Bagaimana ide green airport ini muncul? Anas menceritakan dirinya sudah lama mencari ide untuk memulai pengembangan bandara. Beberapa waktu silam, dia bertemu dengan sejumlah eksekutif muda yang bisnisnya baru beranjak tumbuh.
Mereka menyarankan untuk membangun bandara penuh kaca, sehingga tampak modern. Namun, saat bertemu dengan pengusaha senior papan atas, dia malah disarankan untuk membangun bandara yang berkarakter lokal, hijau, dan tidak mewah dengan kayu-kayu bekas.
“Saya sempat berpikir keras dengan dua pilihan itu. Pertimbangan kuat saya, pengusaha-pengusaha senior itu sudah pengalaman keliling dunia. Mereka bilang sudah banyak bandara dengan desain banyak kaca. Akhirnya kami pilih desain sederhana tapi pesannya kuat dengan arsitektur yang unik dan hijau agar tidak kalah bersaing dengan bandara modern,” ungkap Anas.
Bandara dengan terminal berkapasitas 250.000 penumpang per tahun ini, diharapkan menjadi ikon baru yang mendukung pariwisata. Selain tampil dengan arsitektur penuh estetika, terminal ini mengedepankan penghematan energi dengan pendekatan konsep rumah tropis yang mengutamakan penghawaan udara alami alias tanpa air conditioner/AC, namun tetap sejuk dengan penanaman berbagai jenis tanaman dan konservasi air.

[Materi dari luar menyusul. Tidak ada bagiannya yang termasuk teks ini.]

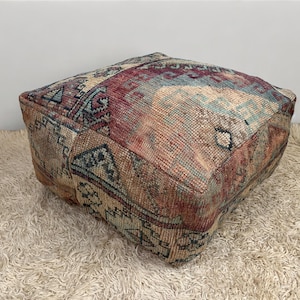 turkish pouf 24x24x12, vintage ottoman, kilim floor cushion, meditation cushion, moroccan ottoman, rug floor cushion, handmade pouf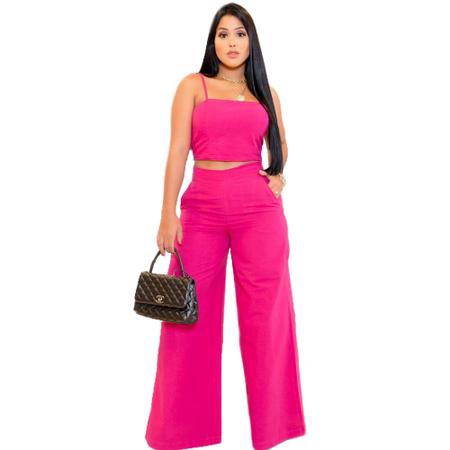 Conjunto Calça Pantalona E Cropped De Linho Wide Leg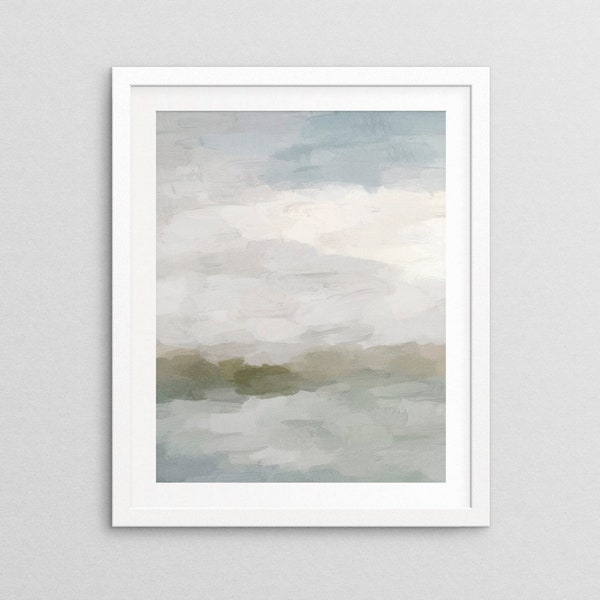 ART PRINT - Sage Green Blue Ocean Horizon I, Gray Clouds Sunrise, Coastal Wall Décor, Nature Art Painting, 5x7 8x10 11x14 16x20 Portrait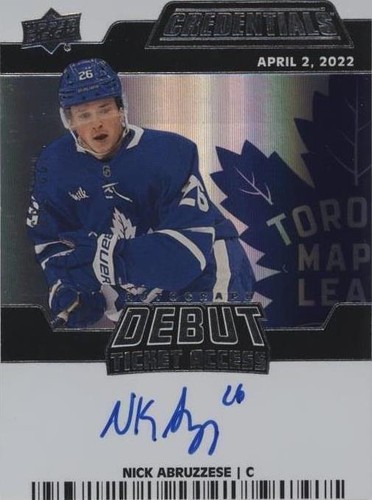2022-23 Upper Deck Credentials - Nicholas Abruzzese #DTAA-NA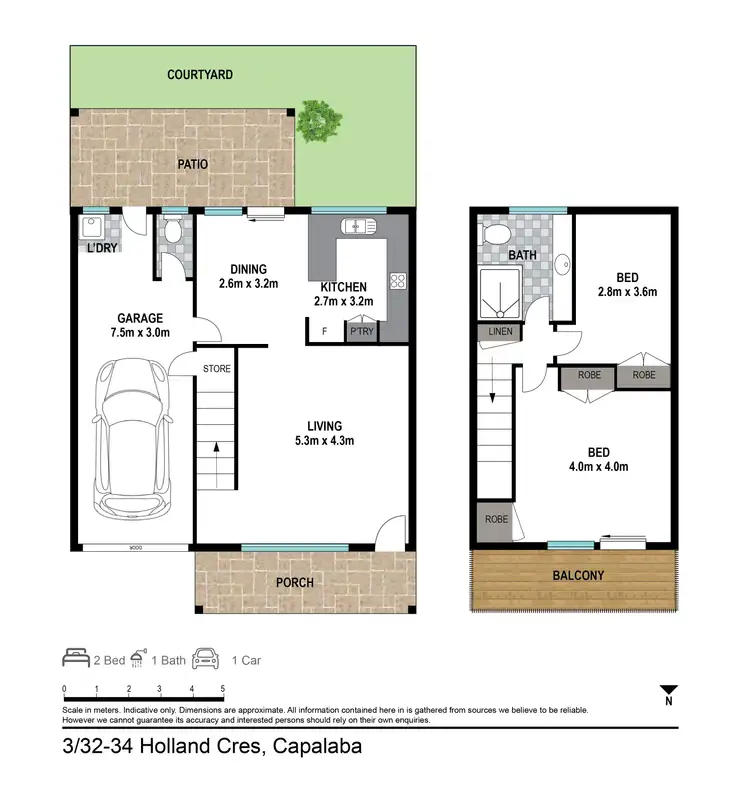 Floorplan of Homely townhouse listing, 3/32-34 Holland Crescent, Capalaba QLD 4157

Menteri Pariwisata Arief Yahya mengapresiasi kinerja Banyuwangi dalam mengembangkan bandara. Pemkab Banyuwangi dinilai kreatif. Bandara dikembangkan bukan semata-mata sebagai sarana aksesibilitas, tapi juga estetika pendongkrak atraksi wisata.
“Bandara Banyuwangi itu bisa menjadikan ikon wisata, bukan semata-mata infrastruktur transportasi. Ini memberikan harapan baru bagi pariwisata Indonesia yang oleh Presiden Joko Widodo sudah ditetapkan sebagai core ecokomy bangsa,” ujar Menpar Arief Yahya yang juga kelahiran Banyuwangi ini.
Menpar Arief Yahya menjelaskan, di tengah fokus pemerintah pusat yang sedang gencar mengembangkan pariwisata melalui air connectivity, munculnya inisiasi green airport ini sangat menunjang perkembangan wisata di Indonesia. Banyuwangi sudah membuktikan sebagai daerah yang sukses mentransformasi dari agriculture ke tourism.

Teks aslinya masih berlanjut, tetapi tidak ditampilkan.